▶ Exercise details
Lift out, unaltered, the lines of the material below between the line holding "Gucci Blue Trousers" and the line holding "Canção sem palavras, pianista, 1880", counting both.

▶ Records

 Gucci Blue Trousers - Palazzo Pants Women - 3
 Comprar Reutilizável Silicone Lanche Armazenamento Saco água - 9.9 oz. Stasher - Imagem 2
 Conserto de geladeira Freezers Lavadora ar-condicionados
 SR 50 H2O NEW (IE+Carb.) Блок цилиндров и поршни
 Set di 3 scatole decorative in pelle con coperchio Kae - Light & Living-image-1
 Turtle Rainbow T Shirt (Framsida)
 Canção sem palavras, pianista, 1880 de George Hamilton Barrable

==

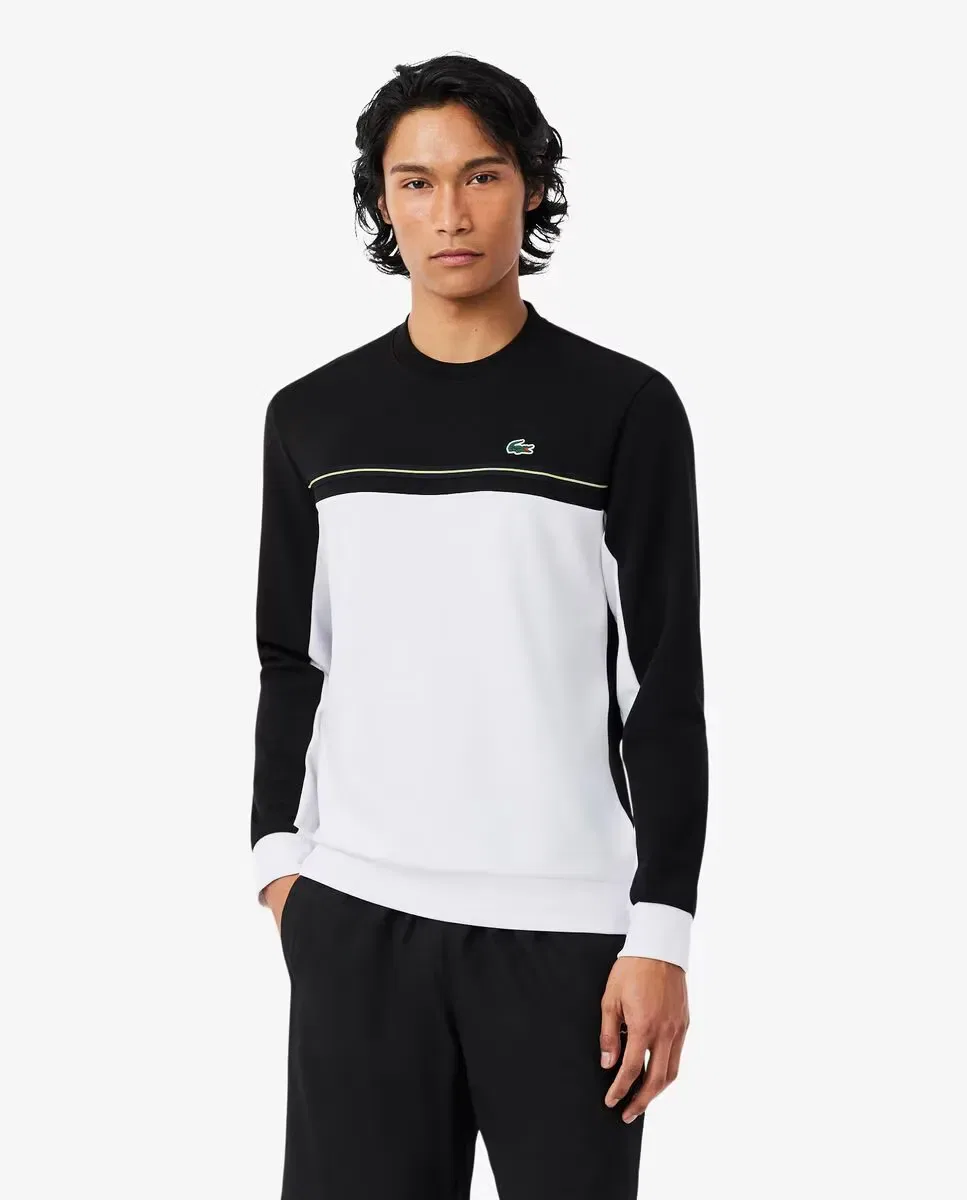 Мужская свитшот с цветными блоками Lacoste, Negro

▶ Task output
 Gucci Blue Trousers - Palazzo Pants Women - 3
 Comprar Reutilizável Silicone Lanche Armazenamento Saco água - 9.9 oz. Stasher - Imagem 2
 Conserto de geladeira Freezers Lavadora ar-condicionados
 SR 50 H2O NEW (IE+Carb.) Блок цилиндров и поршни
 Set di 3 scatole decorative in pelle con coperchio Kae - Light & Living-image-1
 Turtle Rainbow T Shirt (Framsida)
 Canção sem palavras, pianista, 1880 de George Hamilton Barrable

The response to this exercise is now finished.